(Dataset records begins)

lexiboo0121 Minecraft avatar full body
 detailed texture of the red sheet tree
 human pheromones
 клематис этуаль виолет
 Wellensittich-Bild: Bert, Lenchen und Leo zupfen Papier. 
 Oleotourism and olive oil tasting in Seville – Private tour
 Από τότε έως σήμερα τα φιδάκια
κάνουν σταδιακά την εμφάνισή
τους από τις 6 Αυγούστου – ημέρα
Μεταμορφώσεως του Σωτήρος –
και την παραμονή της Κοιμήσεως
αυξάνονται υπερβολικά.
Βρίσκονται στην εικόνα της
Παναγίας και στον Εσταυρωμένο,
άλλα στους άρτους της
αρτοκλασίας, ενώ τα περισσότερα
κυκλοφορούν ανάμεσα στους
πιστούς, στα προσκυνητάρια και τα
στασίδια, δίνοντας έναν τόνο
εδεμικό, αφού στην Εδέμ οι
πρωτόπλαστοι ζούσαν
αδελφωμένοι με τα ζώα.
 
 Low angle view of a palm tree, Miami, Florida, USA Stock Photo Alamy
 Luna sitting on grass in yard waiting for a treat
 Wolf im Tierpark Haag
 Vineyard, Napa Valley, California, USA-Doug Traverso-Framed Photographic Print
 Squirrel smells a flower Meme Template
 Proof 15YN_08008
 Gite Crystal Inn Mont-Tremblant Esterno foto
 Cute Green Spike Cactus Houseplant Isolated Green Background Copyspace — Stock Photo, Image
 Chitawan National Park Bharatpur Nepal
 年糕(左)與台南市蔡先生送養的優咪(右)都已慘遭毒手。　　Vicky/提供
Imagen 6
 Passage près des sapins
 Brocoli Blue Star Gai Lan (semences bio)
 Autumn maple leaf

(Dataset records ends)

Your response should contain each line of the entries above that holds the string "στην".

Reply:
Βρίσκονται στην εικόνα της
εδεμικό, αφού στην Εδέμ οι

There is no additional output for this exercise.